お「……ん〜ッ……うるせぇなぁ……………もうちょい寝かせろって……」

『な、何なんですかこの状況……!? とにかく起きてください!』

お「まーだぁ………ねむい〜………」

『オイおそ松っ!!!!』


 顔馴染みというと少し語弊があるかもしれないが、リュウジにとってここ数日の間よく会話をしていた男。

 昨夜も確かに食事をしたが、何がどう発展してこのような状況になったのか全く検討がつかない。


 ──記憶は一切ないのだが、リュウジはおそ松に抱きしめられて眠っていたのである。


「…も〜う何ぃ? うるさいよ……」

『うッ………へ?』

「あーっ!? あれ、起きたの? あぁ! もう朝?」

お「ふあ〜っ……何なんだよ、まだお兄ちゃんは眠ってたいのに…」

『……い、いや、良いですからそういうの! 起きたならとりあえず離してくださいって! 何で抱きしめられてんですか!?』


 第三者、第四者と複数の声が突然耳に入ってきた。
 おそらくリュウジの怒声に目を覚ましたのだろう。

 まさか自分たち以外にこの場に人がいるとは予想もしていなかったリュウジは、とにかくおそ松の腕から逃れるのを真っ先に考えた。

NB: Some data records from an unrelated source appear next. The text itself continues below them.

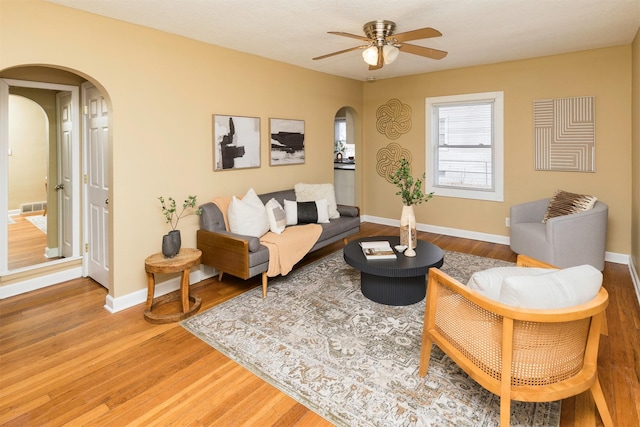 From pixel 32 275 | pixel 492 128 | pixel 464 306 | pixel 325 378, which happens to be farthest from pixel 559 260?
pixel 32 275

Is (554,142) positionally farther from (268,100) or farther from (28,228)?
(28,228)

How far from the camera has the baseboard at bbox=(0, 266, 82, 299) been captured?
11.3ft

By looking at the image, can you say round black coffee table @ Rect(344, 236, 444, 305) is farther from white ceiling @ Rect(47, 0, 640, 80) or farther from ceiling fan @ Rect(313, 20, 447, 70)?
white ceiling @ Rect(47, 0, 640, 80)

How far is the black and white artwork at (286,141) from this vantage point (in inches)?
188

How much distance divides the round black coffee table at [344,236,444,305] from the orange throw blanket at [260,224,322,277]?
61 cm

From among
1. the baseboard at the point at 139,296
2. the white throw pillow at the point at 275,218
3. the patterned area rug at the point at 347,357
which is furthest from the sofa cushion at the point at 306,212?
the baseboard at the point at 139,296

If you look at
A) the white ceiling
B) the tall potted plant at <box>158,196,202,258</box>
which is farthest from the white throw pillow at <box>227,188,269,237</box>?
the white ceiling

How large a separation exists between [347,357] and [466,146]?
13.9 ft

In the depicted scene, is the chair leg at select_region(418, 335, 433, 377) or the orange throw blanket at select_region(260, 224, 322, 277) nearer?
the chair leg at select_region(418, 335, 433, 377)

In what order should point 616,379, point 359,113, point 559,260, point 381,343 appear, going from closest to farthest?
point 616,379 → point 381,343 → point 559,260 → point 359,113

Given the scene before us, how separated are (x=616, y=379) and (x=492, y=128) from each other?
386 centimetres

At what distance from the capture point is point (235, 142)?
4.23 m

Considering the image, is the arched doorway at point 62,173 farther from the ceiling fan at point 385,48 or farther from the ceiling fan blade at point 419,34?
the ceiling fan blade at point 419,34

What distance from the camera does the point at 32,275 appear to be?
3.62m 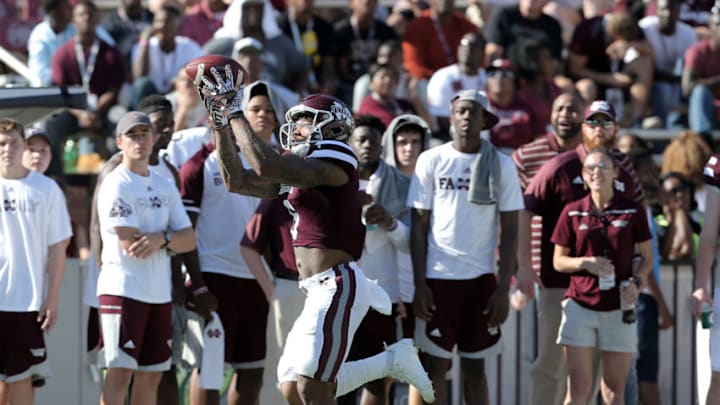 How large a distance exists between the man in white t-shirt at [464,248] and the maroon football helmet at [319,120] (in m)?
1.88

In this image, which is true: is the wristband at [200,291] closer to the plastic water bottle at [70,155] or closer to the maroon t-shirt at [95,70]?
the plastic water bottle at [70,155]

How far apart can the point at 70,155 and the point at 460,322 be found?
17.2 feet

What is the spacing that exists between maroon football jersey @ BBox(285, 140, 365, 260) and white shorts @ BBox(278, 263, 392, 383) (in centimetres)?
17

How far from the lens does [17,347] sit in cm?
906

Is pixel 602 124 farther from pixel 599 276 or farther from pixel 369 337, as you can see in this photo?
pixel 369 337

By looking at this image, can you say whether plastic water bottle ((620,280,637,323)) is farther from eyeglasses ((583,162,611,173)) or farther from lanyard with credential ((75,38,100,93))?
lanyard with credential ((75,38,100,93))

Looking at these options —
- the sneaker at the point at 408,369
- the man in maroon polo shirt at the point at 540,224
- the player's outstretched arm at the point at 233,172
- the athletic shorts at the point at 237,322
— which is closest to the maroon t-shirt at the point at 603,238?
the man in maroon polo shirt at the point at 540,224

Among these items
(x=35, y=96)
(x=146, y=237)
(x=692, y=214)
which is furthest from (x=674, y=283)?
(x=35, y=96)

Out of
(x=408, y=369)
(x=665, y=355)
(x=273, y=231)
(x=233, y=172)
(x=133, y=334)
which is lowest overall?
(x=665, y=355)

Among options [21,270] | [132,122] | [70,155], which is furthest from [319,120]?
[70,155]

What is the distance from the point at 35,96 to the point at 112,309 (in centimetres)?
144

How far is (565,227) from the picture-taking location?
9289 millimetres

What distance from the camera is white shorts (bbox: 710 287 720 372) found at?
8609 mm

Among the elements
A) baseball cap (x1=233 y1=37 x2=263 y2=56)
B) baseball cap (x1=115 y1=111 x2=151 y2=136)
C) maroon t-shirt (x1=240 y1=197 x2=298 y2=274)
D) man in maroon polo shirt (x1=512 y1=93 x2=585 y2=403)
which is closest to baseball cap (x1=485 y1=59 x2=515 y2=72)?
baseball cap (x1=233 y1=37 x2=263 y2=56) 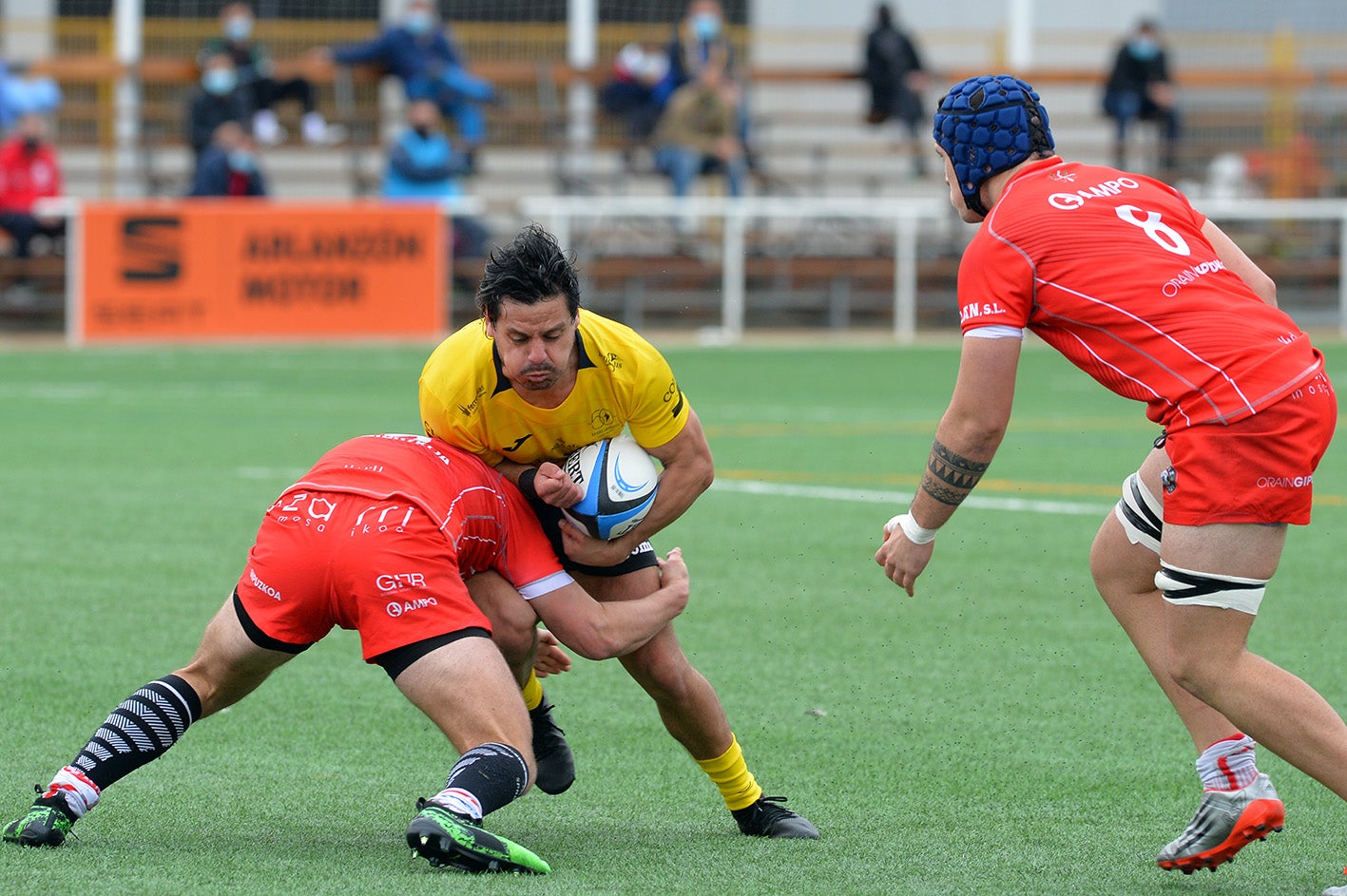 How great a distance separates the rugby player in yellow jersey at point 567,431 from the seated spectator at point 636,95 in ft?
62.5

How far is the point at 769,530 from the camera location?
9680mm

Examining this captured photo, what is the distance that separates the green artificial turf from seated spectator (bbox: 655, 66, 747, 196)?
10824 millimetres

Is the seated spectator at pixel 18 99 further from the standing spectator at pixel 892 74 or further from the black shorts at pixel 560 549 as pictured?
the black shorts at pixel 560 549

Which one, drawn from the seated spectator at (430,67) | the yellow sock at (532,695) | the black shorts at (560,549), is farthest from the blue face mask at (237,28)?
the black shorts at (560,549)

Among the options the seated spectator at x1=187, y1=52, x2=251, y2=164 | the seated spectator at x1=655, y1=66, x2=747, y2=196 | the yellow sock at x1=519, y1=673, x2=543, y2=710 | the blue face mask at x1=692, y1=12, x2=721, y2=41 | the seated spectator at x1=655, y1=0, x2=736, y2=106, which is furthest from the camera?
the blue face mask at x1=692, y1=12, x2=721, y2=41

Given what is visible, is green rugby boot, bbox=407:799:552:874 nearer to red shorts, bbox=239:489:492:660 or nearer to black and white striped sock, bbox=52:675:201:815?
red shorts, bbox=239:489:492:660

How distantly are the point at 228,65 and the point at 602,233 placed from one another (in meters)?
4.70

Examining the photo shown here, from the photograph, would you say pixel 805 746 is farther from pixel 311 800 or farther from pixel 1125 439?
pixel 1125 439

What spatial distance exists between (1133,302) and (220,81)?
767 inches

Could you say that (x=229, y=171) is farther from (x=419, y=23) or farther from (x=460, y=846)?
(x=460, y=846)

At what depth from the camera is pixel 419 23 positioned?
23281 millimetres

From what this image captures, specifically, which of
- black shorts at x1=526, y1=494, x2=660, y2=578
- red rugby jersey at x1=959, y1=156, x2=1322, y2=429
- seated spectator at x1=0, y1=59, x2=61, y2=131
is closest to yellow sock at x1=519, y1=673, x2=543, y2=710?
black shorts at x1=526, y1=494, x2=660, y2=578

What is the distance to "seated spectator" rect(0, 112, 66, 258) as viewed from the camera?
2088 cm

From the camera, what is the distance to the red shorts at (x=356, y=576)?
4469 mm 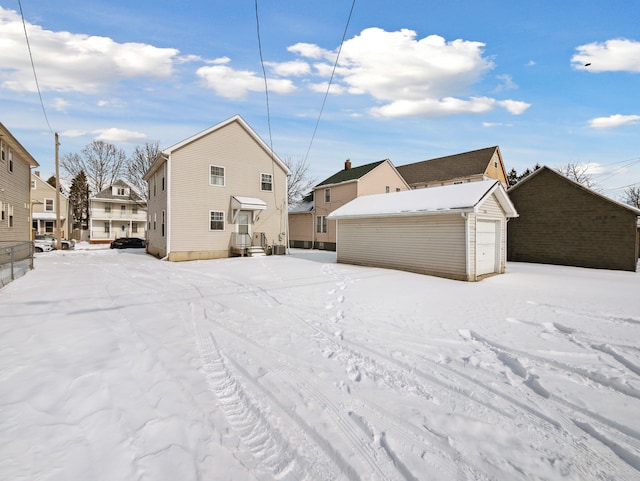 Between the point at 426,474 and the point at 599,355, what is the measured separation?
4171 mm

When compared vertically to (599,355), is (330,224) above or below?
above

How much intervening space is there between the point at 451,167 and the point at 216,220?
77.0 feet

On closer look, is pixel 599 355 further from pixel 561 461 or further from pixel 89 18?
pixel 89 18

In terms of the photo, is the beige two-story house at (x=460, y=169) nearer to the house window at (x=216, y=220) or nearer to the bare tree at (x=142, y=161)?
the house window at (x=216, y=220)

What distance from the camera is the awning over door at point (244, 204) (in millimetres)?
19489

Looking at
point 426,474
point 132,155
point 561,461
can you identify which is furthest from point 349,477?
point 132,155

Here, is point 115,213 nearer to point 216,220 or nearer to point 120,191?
point 120,191


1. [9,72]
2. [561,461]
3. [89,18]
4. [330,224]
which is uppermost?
[89,18]

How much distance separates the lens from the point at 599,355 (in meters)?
4.90

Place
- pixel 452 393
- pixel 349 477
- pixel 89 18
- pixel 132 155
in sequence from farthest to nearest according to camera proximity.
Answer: pixel 132 155
pixel 89 18
pixel 452 393
pixel 349 477

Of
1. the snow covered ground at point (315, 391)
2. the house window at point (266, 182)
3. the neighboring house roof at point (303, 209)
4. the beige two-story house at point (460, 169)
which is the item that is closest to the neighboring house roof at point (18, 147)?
the snow covered ground at point (315, 391)

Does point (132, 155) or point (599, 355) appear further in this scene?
point (132, 155)

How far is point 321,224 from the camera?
2875cm

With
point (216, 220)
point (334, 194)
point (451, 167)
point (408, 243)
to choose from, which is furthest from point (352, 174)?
point (408, 243) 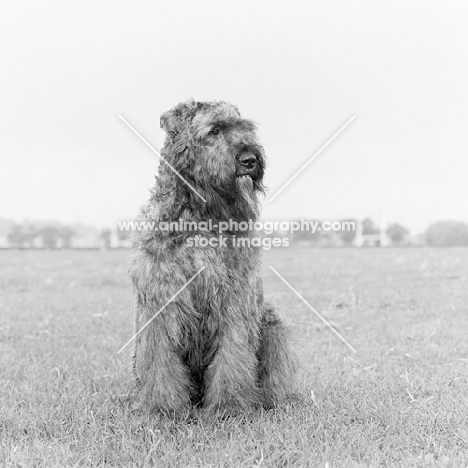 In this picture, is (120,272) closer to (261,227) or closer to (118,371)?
(118,371)

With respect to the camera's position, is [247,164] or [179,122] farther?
[179,122]

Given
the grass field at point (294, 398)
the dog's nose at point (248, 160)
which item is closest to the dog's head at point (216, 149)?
the dog's nose at point (248, 160)

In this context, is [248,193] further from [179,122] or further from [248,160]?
[179,122]

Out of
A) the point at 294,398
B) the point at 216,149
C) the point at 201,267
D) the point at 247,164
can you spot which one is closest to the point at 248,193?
the point at 247,164

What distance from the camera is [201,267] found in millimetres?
3869

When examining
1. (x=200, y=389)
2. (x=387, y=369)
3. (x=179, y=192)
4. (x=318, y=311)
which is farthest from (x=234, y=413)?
(x=318, y=311)

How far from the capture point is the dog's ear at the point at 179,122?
3930 millimetres

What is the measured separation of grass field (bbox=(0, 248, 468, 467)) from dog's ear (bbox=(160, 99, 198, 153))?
1236mm

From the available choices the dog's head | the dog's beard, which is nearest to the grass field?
the dog's beard

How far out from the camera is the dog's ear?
393 centimetres

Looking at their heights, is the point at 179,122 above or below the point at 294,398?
above

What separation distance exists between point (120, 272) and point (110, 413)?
880 centimetres

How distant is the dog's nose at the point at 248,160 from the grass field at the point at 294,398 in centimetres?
123

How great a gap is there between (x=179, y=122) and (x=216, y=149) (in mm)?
376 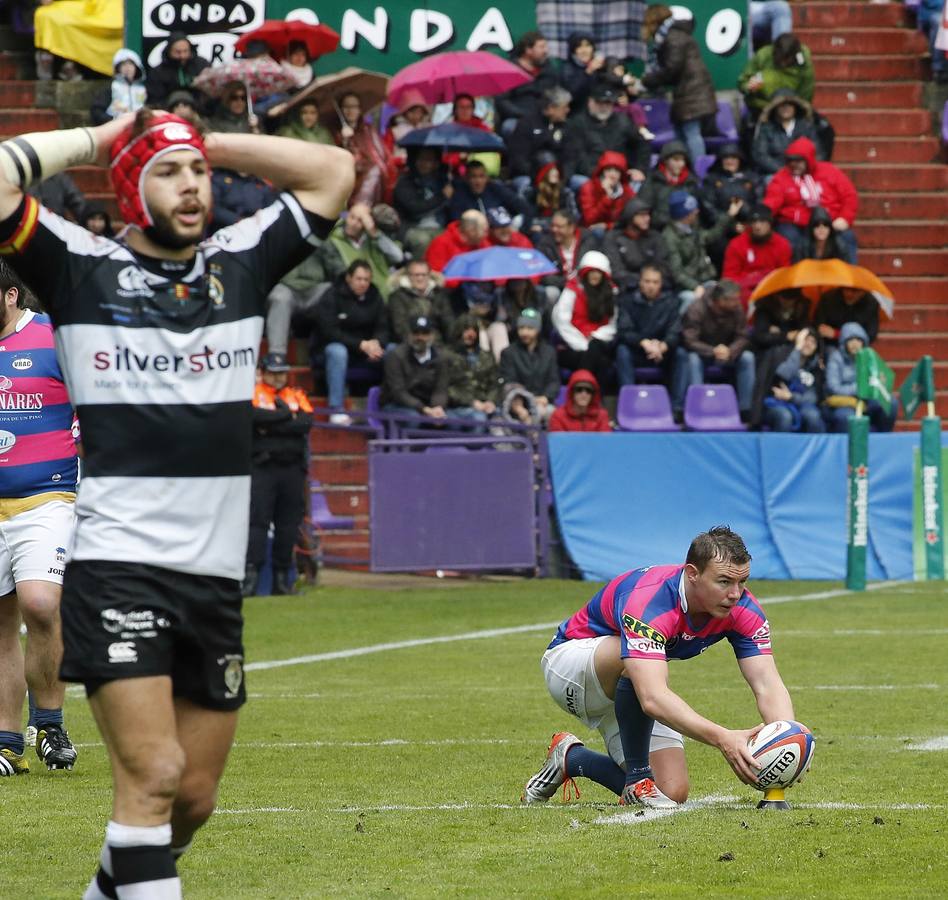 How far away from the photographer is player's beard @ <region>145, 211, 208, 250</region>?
502 centimetres

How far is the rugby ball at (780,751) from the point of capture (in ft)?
23.0

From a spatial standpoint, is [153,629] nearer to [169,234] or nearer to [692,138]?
[169,234]

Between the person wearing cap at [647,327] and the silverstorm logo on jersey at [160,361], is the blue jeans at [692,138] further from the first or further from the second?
the silverstorm logo on jersey at [160,361]

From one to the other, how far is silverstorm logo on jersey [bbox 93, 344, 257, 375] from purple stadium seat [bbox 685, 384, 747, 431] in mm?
15718

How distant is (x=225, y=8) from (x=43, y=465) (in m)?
17.0

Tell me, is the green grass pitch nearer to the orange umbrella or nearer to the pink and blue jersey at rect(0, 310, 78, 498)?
the pink and blue jersey at rect(0, 310, 78, 498)

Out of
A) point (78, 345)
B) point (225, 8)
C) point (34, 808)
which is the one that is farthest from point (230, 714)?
point (225, 8)

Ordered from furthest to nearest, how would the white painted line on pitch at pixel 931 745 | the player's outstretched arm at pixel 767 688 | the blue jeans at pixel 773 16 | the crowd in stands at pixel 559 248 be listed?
the blue jeans at pixel 773 16 → the crowd in stands at pixel 559 248 → the white painted line on pitch at pixel 931 745 → the player's outstretched arm at pixel 767 688

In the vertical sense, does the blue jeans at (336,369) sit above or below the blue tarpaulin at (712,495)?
above

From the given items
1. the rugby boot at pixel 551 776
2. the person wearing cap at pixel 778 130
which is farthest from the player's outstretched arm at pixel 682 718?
the person wearing cap at pixel 778 130

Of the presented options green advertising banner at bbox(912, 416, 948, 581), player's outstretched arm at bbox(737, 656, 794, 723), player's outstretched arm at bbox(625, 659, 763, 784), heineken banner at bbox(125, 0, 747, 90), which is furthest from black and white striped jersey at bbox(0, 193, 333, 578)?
heineken banner at bbox(125, 0, 747, 90)

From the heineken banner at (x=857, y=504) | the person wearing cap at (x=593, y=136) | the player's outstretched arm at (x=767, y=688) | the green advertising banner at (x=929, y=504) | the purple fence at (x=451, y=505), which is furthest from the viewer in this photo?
the person wearing cap at (x=593, y=136)

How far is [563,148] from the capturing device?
23.5m

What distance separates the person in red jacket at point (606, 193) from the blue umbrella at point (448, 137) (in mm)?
1276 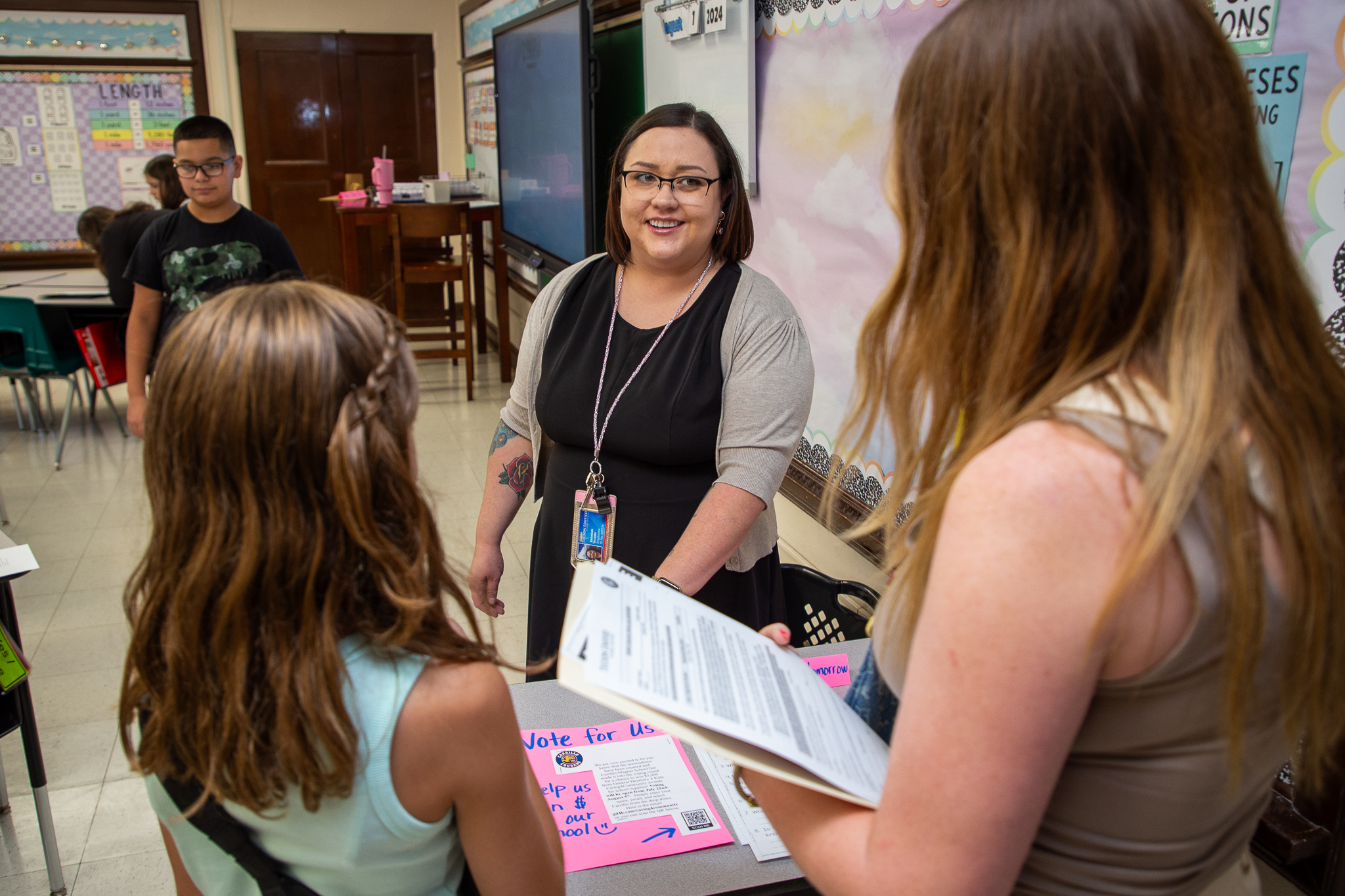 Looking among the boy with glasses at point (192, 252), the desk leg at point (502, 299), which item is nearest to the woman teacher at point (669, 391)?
the boy with glasses at point (192, 252)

 対しておそ松は未だに眠そうな様子で、自分がリュウジを抱きしめていることにようやく気がつく。
 しかし特に慌てもせず腕を緩めるのだった。


『ッ………………────!!?』


 腕から逃れて即座に身を起こすと、周囲を見渡してリュウジは絶句した。

 何故なら他に人がいると予想したその人数を、遥かに上回っていたから。

 半信半疑でいたその事実を目の前に叩きつけられて、まるで恐怖そのものを目の当たりにしたかのように鳥肌を立たせた。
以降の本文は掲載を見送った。